Nasty weather last night, put out our power after midnight, and...
a tiny smoky black filly came out too. Bonny had the tiniest little smoky black filly. And, as far as I could see not a stitch of white on her, and looks to be dark eyes, not even baby blues, but with the wind, I just got her in the barn and left them for more bonding time out of the wind (windy and only about 55 above this morning). [I'll have to do the math, but I think this puts her at 320 days at the most.]
I haven't put up my 2020 foaling stats here this year. This is actually my second foal of the season, but the first came too early, about 3 weeks ago.
I have one or two more to go. Pictures later.


----------



## Taz (Jun 6, 2020)

Congratulations!! Can't wait for pictures


----------



## chandab (Jun 6, 2020)

They aren't great, as the little barn doesn't have power, and it's overcast and windy today, but here are a few dark pictures.


----------



## Taz (Jun 6, 2020)

Oh she's gorgeous!!!!! So tiny


----------



## Maryann at MiniV (Jun 6, 2020)

Awww! Dished head and nice length of neck! Look forward to seeing her after the Unfolding.


----------



## chandab (Jun 6, 2020)

Thank you. She's cute; and such a change from her full-siblings: first there was a smoky silver black colt, then a silver buckskin filly, now a smoky black. 
She's not quite as upright as her brother was, but a bit more upright than her sister.
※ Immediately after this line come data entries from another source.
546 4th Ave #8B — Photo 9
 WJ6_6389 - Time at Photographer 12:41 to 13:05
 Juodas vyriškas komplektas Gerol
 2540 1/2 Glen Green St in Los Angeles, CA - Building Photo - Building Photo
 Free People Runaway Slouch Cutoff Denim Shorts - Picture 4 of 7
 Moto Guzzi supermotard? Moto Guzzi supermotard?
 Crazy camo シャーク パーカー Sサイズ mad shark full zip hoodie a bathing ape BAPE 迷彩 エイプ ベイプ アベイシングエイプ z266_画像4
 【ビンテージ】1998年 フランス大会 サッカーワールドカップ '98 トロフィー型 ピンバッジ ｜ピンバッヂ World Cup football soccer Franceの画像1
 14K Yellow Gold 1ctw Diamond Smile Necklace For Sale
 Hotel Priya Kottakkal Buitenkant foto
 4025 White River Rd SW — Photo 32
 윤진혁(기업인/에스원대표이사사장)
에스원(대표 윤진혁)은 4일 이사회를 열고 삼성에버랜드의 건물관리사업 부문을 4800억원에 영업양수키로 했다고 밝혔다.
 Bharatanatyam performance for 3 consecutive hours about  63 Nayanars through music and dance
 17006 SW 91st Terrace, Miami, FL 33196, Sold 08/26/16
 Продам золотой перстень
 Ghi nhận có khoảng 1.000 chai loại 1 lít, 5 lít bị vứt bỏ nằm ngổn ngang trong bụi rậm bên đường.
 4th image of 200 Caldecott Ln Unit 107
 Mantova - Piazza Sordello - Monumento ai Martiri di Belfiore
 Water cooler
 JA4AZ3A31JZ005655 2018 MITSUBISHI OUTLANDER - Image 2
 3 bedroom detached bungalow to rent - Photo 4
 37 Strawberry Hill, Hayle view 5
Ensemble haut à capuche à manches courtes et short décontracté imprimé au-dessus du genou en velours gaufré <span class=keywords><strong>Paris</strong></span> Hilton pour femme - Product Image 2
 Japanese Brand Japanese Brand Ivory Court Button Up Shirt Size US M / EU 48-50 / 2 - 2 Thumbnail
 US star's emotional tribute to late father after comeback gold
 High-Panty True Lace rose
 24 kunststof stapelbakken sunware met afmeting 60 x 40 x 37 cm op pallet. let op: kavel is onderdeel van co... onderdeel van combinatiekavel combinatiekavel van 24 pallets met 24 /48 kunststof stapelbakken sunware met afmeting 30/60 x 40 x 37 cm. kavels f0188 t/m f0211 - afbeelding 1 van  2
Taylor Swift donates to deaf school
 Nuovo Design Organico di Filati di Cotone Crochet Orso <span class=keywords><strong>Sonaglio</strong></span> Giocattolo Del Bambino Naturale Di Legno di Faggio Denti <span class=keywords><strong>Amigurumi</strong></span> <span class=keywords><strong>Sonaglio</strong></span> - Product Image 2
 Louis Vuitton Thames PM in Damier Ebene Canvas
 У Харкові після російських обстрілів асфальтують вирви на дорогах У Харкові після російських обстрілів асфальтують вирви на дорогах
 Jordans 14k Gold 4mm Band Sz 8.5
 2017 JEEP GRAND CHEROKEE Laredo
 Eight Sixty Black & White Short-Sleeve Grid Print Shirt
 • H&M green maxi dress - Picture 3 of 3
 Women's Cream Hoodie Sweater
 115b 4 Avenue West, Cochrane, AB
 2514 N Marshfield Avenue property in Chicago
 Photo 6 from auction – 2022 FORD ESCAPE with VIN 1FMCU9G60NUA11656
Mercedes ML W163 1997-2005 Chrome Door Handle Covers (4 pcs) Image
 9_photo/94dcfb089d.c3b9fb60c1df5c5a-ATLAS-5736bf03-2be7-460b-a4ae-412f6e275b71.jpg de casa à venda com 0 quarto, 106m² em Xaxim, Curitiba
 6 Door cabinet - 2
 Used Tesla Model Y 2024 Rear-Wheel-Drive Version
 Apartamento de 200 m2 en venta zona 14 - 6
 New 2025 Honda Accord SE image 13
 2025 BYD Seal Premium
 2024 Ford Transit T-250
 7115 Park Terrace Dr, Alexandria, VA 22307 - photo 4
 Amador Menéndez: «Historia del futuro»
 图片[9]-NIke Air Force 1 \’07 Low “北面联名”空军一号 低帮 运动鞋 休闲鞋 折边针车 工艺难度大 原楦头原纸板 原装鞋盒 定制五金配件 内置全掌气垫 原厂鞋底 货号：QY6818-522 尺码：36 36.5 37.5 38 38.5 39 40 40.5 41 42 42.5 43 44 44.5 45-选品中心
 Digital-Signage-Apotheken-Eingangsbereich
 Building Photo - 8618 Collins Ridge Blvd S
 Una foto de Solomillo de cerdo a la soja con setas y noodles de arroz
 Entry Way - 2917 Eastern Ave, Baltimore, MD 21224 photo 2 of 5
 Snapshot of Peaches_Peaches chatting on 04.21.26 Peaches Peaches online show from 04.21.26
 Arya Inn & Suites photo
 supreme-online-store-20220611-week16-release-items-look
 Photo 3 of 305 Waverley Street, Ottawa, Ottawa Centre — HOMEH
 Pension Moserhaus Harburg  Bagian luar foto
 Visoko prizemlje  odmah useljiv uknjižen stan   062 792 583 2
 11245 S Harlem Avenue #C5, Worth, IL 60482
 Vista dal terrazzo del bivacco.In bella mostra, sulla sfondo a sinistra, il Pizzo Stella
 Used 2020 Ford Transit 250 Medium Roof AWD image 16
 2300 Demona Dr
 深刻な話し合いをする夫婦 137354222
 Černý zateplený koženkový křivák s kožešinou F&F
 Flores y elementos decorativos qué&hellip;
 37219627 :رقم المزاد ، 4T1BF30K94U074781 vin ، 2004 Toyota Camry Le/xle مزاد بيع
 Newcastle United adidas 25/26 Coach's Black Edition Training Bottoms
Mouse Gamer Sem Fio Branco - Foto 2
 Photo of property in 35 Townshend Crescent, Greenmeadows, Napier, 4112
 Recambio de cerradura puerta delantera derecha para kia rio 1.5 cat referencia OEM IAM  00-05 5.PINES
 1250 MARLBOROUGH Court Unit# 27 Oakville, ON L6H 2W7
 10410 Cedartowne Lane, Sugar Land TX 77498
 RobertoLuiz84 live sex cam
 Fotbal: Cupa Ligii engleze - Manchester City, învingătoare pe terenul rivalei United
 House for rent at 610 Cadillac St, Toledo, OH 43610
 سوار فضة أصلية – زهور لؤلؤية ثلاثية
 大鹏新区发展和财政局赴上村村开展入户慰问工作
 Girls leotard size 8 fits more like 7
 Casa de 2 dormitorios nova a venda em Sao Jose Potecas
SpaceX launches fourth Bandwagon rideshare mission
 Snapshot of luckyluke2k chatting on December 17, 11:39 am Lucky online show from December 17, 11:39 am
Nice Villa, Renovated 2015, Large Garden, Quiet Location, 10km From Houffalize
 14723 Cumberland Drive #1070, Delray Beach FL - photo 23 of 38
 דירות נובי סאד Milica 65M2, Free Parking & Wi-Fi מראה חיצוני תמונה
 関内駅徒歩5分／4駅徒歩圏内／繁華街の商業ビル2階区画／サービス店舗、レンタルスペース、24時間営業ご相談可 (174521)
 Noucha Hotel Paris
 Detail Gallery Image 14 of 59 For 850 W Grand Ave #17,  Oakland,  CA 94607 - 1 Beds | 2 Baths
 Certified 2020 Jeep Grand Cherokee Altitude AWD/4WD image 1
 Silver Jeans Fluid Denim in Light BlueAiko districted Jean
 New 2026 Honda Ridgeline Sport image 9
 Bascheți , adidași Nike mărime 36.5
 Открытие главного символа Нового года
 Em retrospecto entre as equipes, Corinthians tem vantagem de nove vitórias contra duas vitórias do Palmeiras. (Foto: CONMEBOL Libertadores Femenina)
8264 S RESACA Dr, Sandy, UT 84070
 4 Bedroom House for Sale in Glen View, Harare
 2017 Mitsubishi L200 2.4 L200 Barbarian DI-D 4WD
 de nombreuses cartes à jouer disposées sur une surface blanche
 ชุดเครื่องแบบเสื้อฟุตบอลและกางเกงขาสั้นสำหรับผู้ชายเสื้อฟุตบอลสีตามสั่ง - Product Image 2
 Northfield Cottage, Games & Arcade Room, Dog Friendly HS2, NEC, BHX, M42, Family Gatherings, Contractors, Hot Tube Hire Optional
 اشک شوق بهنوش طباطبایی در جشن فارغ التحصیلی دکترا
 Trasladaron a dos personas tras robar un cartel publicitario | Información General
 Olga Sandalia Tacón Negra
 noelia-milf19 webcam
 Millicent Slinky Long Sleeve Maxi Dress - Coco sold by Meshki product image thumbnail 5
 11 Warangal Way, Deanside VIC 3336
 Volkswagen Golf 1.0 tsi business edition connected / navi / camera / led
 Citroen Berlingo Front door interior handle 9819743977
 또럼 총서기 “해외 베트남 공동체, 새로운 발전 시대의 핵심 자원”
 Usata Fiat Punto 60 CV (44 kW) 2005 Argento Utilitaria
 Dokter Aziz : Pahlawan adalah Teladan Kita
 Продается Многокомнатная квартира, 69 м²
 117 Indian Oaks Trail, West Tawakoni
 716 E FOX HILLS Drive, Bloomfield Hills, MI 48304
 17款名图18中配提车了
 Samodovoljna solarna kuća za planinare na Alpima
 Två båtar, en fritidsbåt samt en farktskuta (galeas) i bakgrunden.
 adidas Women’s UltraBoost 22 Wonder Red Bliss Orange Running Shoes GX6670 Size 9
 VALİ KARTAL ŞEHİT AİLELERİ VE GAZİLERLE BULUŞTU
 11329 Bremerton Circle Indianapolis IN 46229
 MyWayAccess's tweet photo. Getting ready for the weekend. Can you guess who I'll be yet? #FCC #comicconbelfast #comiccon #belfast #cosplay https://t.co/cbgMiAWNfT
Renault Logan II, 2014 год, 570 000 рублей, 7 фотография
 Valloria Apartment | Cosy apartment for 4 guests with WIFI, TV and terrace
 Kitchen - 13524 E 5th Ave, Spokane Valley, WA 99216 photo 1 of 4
Such a nasty day to be born on, just windy now, but she may have already been through a rain/hail storm, or she came right after it was over, cause she was dry when I found her first thing this morning.


----------



## chandab (Jun 6, 2020)

Ok, used a foaling date calculator, and from earliest turn out she is 313 days. From the day I saw Topper pursuing her she is only 306 days.


----------



## MerMaeve (Jun 6, 2020)

Aww so cute and fragile looking!


----------



## Maryann at MiniV (Jun 6, 2020)

What's the Old Horseman's Saying? Look at them at 3 days, 3 months, and then 3 years?


----------



## Kristin (Jun 7, 2020)

Beautiful little girl!!


----------



## Pitter Patter (Jun 7, 2020)

What a little beauty! Congratulations!


----------



## Holly Chisholm (Jun 8, 2020)

ADORABLE!!!!!!! Congrats!!!!!!


----------



## chandab (Jun 14, 2020)

A couple pictures of Rain from today, she's 8 days old. We've had icky weather, so they've mostly been in the stall this past week.


----------



## Taz (Jun 15, 2020)




----------



## chandab (Jun 17, 2020)

And, Tana foaled last night, looks like she has a mini-me colt, as he appears to be the same color as she is: 
I didn't think it was any more chilly this morning then when Bonny foaled, but this little guy was shivery, so I blanketed him (forgot I had the camera with me, until after I blanketed).


----------



## Jodie (Jun 17, 2020)

So adorable! Congratulations!


----------



## Taz (Jun 17, 2020)

Congratulations!! He's adorable!!!!!!


----------



## MerMaeve (Jun 17, 2020)

Awww, so cute! Congrats! What's your secret for actually having the babies? I think @Taz, @Pitter Patter, and @Kristin need to know.....


----------



## Kristin (Jun 17, 2020)

I agree MerMaeve!! We need help!!


----------



## chandab (Jun 17, 2020)

Well, I kind of knew when they were bred, since they've been here for their whole lives, and even though I pasture bred, I only turned the stallion out for one month wit the girls. We did lose one, she came too early to be viable; and we have one maybe to go, she doesn't look pregnant, but if she took the last day out with the stallion, I still have several weeks of mare stare to go.


----------



## Pitter Patter (Jun 17, 2020)

chandab said:


> And, Tana foaled last night, looks like she has a mini-me colt, as he appears to be the same color as she is:
> I didn't think it was any more chilly this morning then when Bonny foaled, but this little guy was shivery, so I blanketed him (forgot I had the camera with me, until after I blanketed).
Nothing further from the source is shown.